When should a doctor be consulted?
For over the counter medicines, you do not need the doctor to give you a prescription. However, if the antihistamines you bought did not work as expected, it is probably a good idea to consult a medical professional, but this rarely happens. Still, in most cases, doctors that treat allergies treat the rare allergies that are seen topically on the skin (on larger skin sections) – in those cases creams or gels for topical use are given along prescribed medicines, otherwise you can purchase OTC antihistamines yourself.
Why is it important to purchase antihistamine OTC brands?
The focus is reacting quickly and being prepared in case of unexpected allergy issues. A simple example – thirst. You rush to the kitchen and have a full glass of water – simple as that. So, you never know when an allergy might occur for you to react fast. Therefore, it is vital to have at least one type of antihistamine with you or nearby.
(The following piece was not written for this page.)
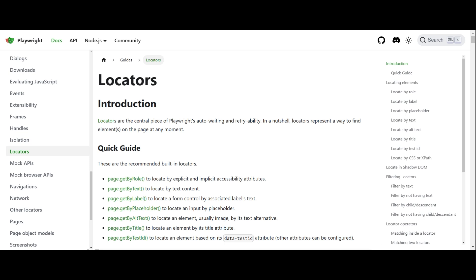In this video, I'm going to talk about locators in Playwright. Even if you are an absolute beginner and have never worked with any automation tool before, don't worry, I will explain everything in a simple and easy to understand way. Let's get started.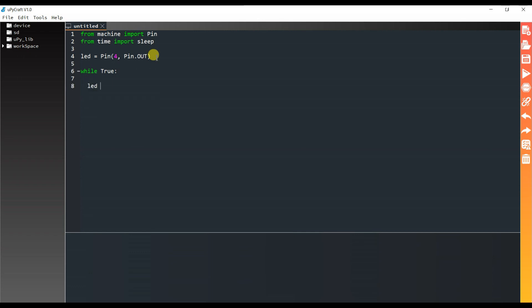Here I will turn LED on. LED dot value. What is LED value? I will pass here 1. 1 means LED on.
A simple walk outside might irritate your eyes with pollen or dust and blur your vision – then you would need eye drops. Or maybe in the springtime, you get nasal congestion every time you leave the home – so have a nasal spray with you for quick and fast alleviation. Even the pills/tablets are a good thing to have in your bag/pocket if you are one of those that get more allergy symptoms all at once.
In other words, have this type of medicine near you always and circumstances. Whether you go out to work, or out in nature or simply stay at home; keep antihistamines as a ‘first aid kit for allergy’. The best benefit of having some antihistamines at home lessens the trouble of leaving the house to go to the doctor’s office or even the pharmacy (if it is not too close to your home).
The benefits of purchasing antihistamines without a prescription
If we would need a prescription for an antihistamine, it is not as simple as just visiting the doctor and getting back home. With OTC antihistamines you avoid phone calls for doctor’s appointments, traffic jams to the doctor’s office, waiting lines, then driving back home, so by the time you get the prescription and the antihistamine, hours could have passed, and the allergy might be worsened during that time, especially if it is a rash that spreads fast or unstoppable sneezing, teary and itchy eyes that sting and so on.
Even worse, if the doctor has no time to set your appointment urgently or there are many people with similar urgencies as yours waiting, just as you are, you might get stuck for a long time there and even not get the prescription the same day!
You do not always need a doctor to ‘heal yourself’. Just as vitamins or cosmetics can be bought OTC, it is almost the same with antihistamines.
It is quite logical, and it makes sense; if someone suddenly shows one or more signs of allergy that does not get milder, that person can be helped in just a minute (if you have these medicines in your cabinet at home). Even if you need to go to the nearest pharmacy, the person can get the OTC antihistamine in 20-30 minutes tops, instead of hours, let alone a day or more.